### Work to be completed
Copy the records below in full, keeping each word as it is but omitting the pictures.

### Data excerpts
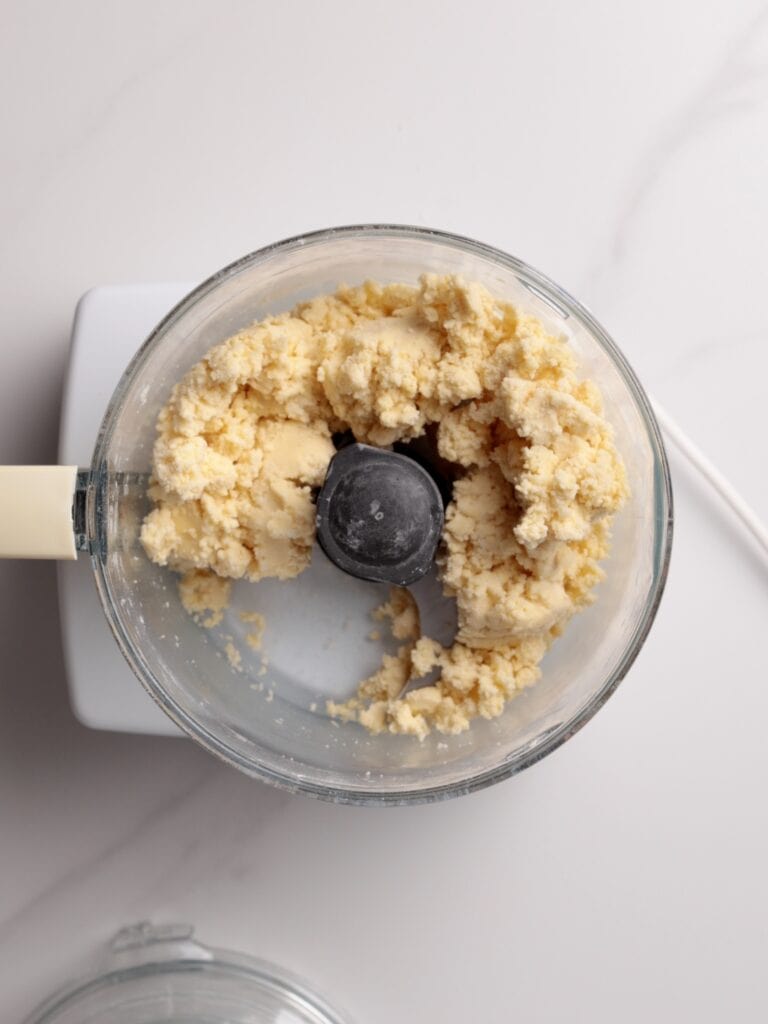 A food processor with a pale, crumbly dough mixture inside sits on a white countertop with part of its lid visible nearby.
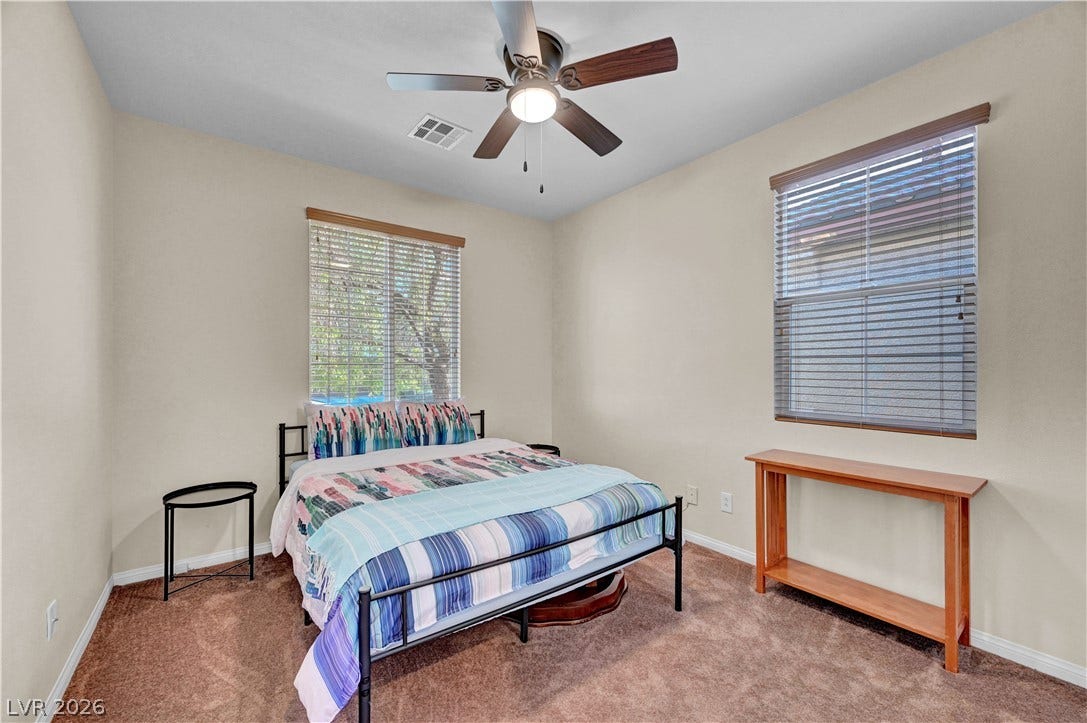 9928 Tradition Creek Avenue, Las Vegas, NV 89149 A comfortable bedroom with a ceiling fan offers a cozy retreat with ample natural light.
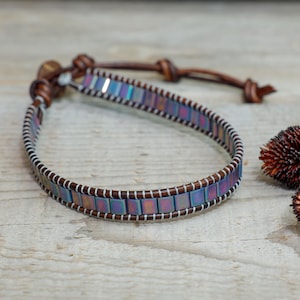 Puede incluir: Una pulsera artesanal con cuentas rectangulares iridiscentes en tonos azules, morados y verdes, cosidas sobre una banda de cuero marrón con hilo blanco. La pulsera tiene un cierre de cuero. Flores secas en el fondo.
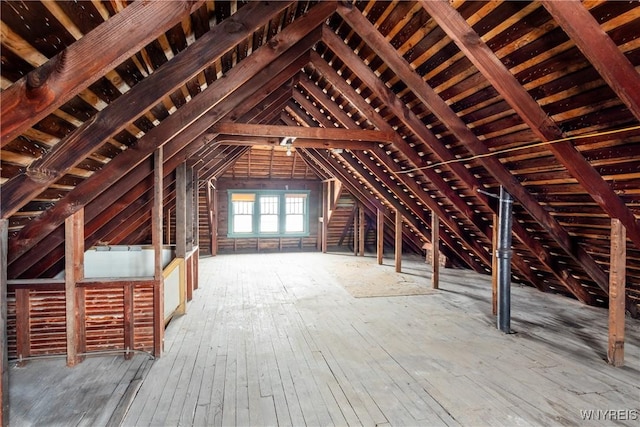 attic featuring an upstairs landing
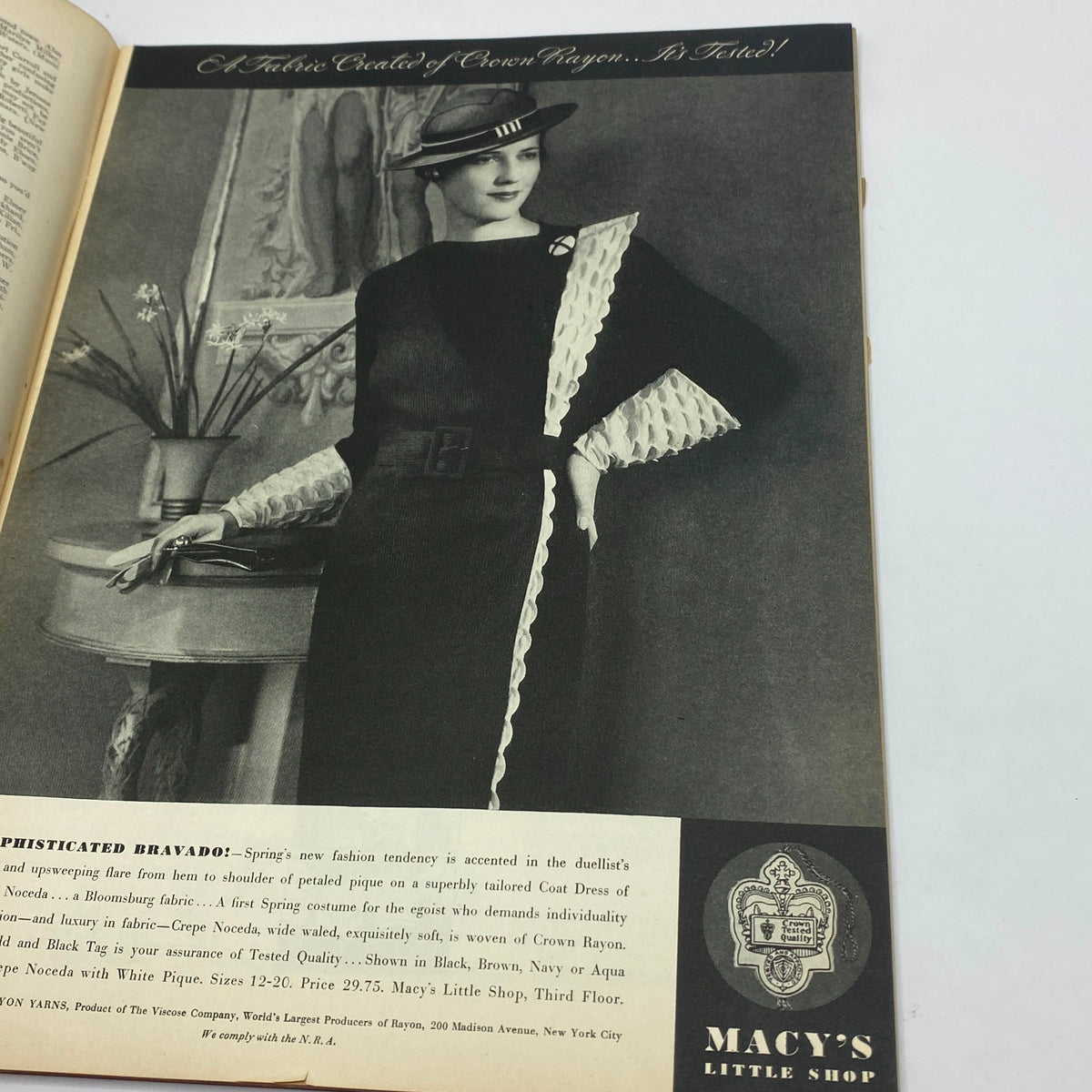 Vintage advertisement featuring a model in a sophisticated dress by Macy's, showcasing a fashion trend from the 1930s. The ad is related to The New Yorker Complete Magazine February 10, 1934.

### Solution for this task
 A food processor with a pale, crumbly dough mixture inside sits on a white countertop with part of its lid visible nearby.
 9928 Tradition Creek Avenue, Las Vegas, NV 89149 A comfortable bedroom with a ceiling fan offers a cozy retreat with ample natural light.
 Puede incluir: Una pulsera artesanal con cuentas rectangulares iridiscentes en tonos azules, morados y verdes, cosidas sobre una banda de cuero marrón con hilo blanco. La pulsera tiene un cierre de cuero. Flores secas en el fondo.
 attic featuring an upstairs landing
 Vintage advertisement featuring a model in a sophisticated dress by Macy's, showcasing a fashion trend from the 1930s. The ad is related to The New Yorker Complete Magazine February 10, 1934.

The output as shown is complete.